Question

The area enclosed between the curves $y = x|x|$ and $y = x - |x|$ is:

• A. $\frac{8}{3}$
• B. $\frac{2}{3}$
• C. 1
• D. $\frac{4}{3}$

Answer 1

The Correct Option is D

The area bounded by the curves \(y = x|x|\) and \(y = x - |x|\) is determined by analyzing their representations and intersection points.

Step 1: Curve Representation

1. The curve \(y = x|x|\) is defined as:

\[ y = \begin{cases} x^2 & \text{if } x \geq 0 \\ -x^2 & \text{if } x < 0 \end{cases} \]
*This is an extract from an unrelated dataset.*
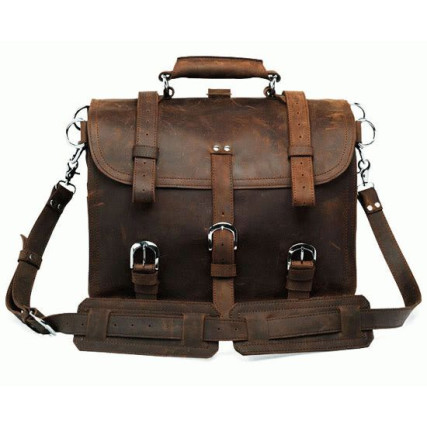 Кожаная дорожная сумка 7072R коричневая Buffalo Bags – Фото 1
This curve is a parabola opening upwards for \(x \geq 0\) and downwards for \(x<0\).

2. The curve \(y = x - |x|\) is defined as:

\[ y = \begin{cases} 0 & \text{if } x \geq 0 \\ 2x & \text{if } x < 0 \end{cases} \]

For \(x \geq 0\), this is the x-axis. For \(x<0\), this is a line with a slope of 2.

Step 2: Intersection Points

To find intersections in the region where \(x<0\), we set the equations equal:

\[ x|x| = x - |x| \]

Since \(x<0\), \(|x| = -x\). Substituting this gives:

\[ -x^2 = x - (-x) \implies -x^2 = 2x \]

Rearranging and factoring:

\[ x^2 + 2x = 0 \implies x(x + 2) = 0 \]

The solutions are \(x = 0\) and \(x = -2\). Therefore, the curves intersect at \(x = -2\) and \(x = 0\).

Step 3: Area Definition

The enclosed area is calculated by integrating the difference between the upper and lower curves over the interval \([-2, 0]\). In this interval, \(y = -x^2\) is the upper curve and \(y = 2x\) is the lower curve.

\[ A = \int_{-2}^0 \left[(-x^2) - (2x)\right] dx \]

This simplifies to:

\[ A = \int_{-2}^0 \left(-x^2 - 2x\right) dx \]

Step 4: Integral Computation

The antiderivatives of the terms are:

\[ \int -x^2 dx = -\frac{x^3}{3} \quad \text{and} \quad \int -2x dx = -x^2 \]

Applying these to the definite integral:

\[ A = \left[ -\frac{x^3}{3} \right]_{-2}^0 + \left[ -x^2 \right]_{-2}^0 \]

Step 5: Evaluation at Limits

1. Evaluating \(\left[-\frac{x^3}{3}\right]_{-2}^0\):

\[ \left(-\frac{0^3}{3}\right) - \left(-\frac{(-2)^3}{3}\right) = 0 - \left(-\frac{-8}{3}\right) = 0 - \frac{8}{3} = -\frac{8}{3} \]

2. Evaluating \(\left[-x^2\right]_{-2}^0\):

\[ -(0^2) - (-(-2)^2) = 0 - (-(4)) = 0 + 4 = 4 \]

Combining the results for the total area:

\[ A = -\frac{8}{3} + 4 \]

Simplifying:

\[ A = -\frac{8}{3} + \frac{12}{3} = \frac{4}{3} \]

Final Result: The calculated enclosed area is:

\[ \boxed{\frac{4}{3}} \]